Given data -
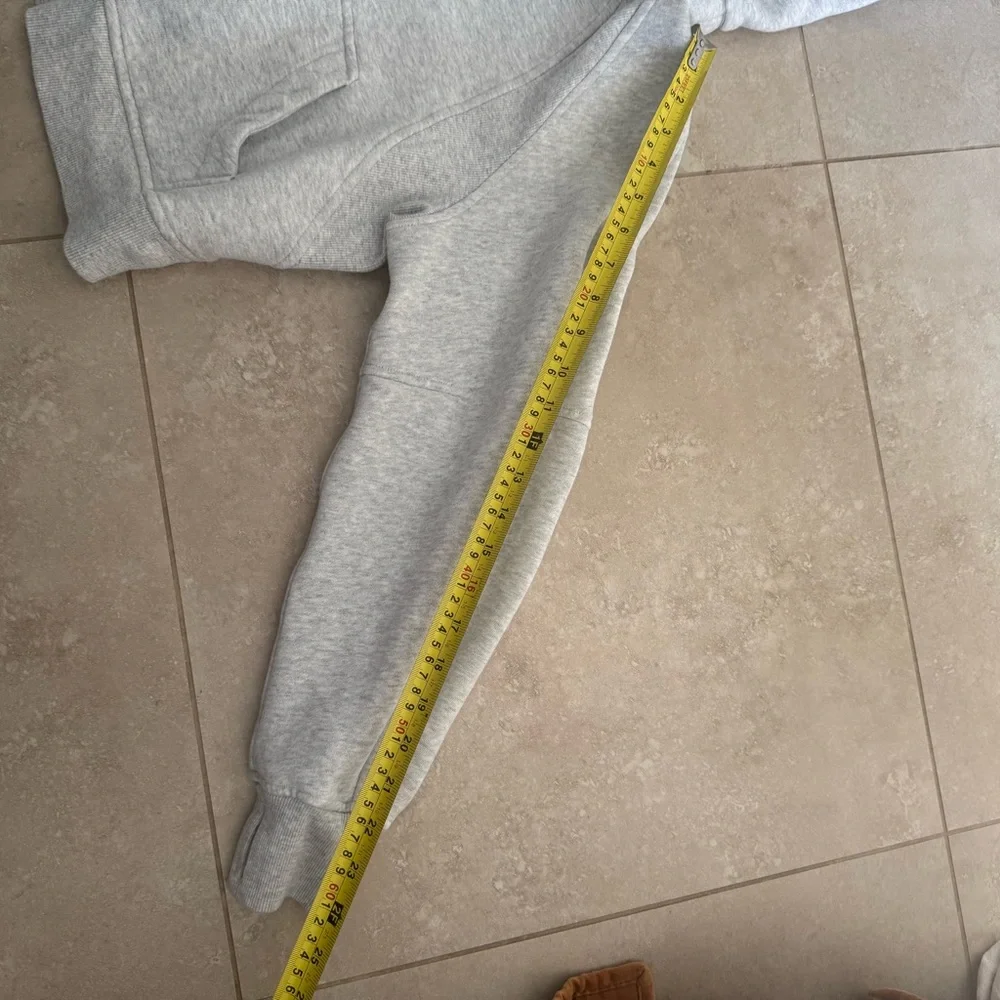 Lululemon Scuba Hoodie Light Gray Women's Half-Zip Hoodie - Picture 8 of 8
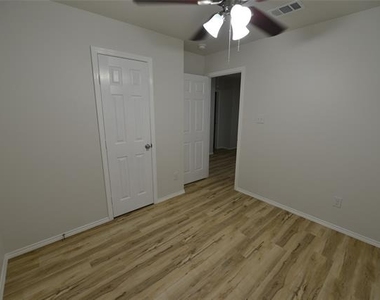 2385 Murphy Court - Photo Thumbnail 14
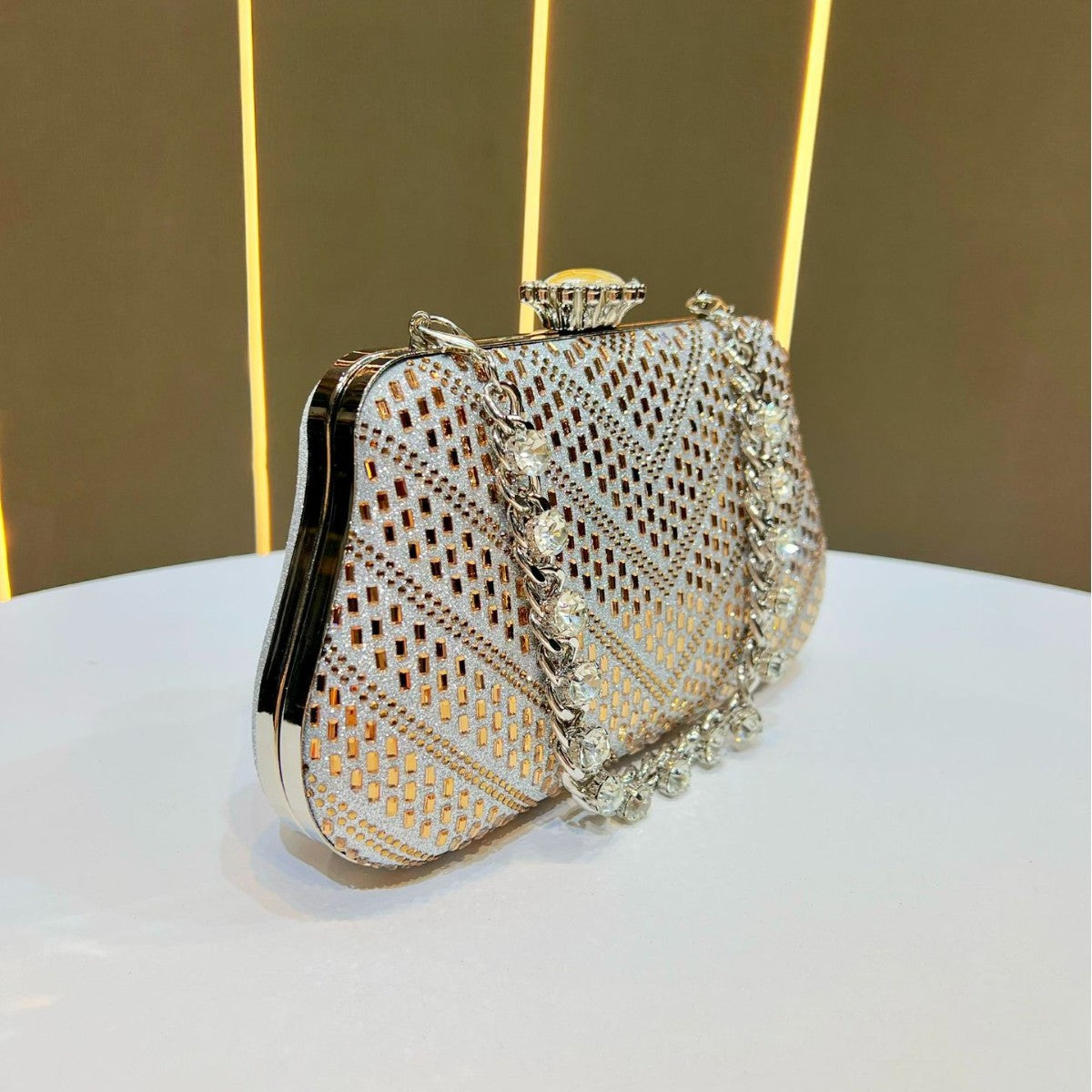 Glamorous Decorative Evening Handbag — product view 2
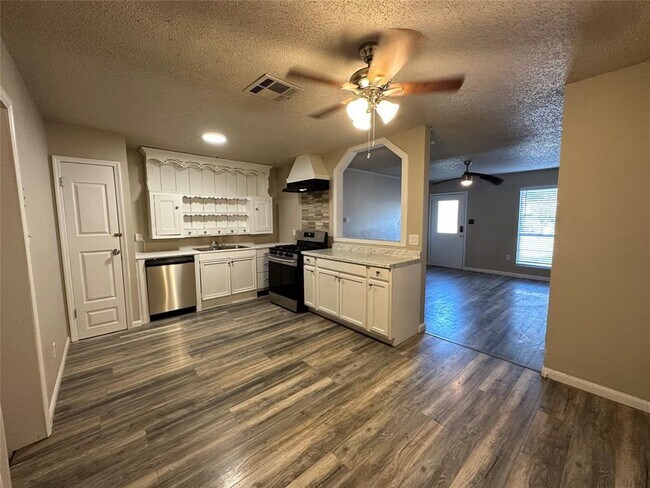 Foto del edificio - 6204 Dove Springs Cir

Problem to work on - Your copy should match the listing exactly, apart from the pictures it leaves out.

Your solution -
 Lululemon Scuba Hoodie Light Gray Women's Half-Zip Hoodie - Picture 8 of 8
 2385 Murphy Court - Photo Thumbnail 14
 Glamorous Decorative Evening Handbag — product view 2
 Foto del edificio - 6204 Dove Springs Cir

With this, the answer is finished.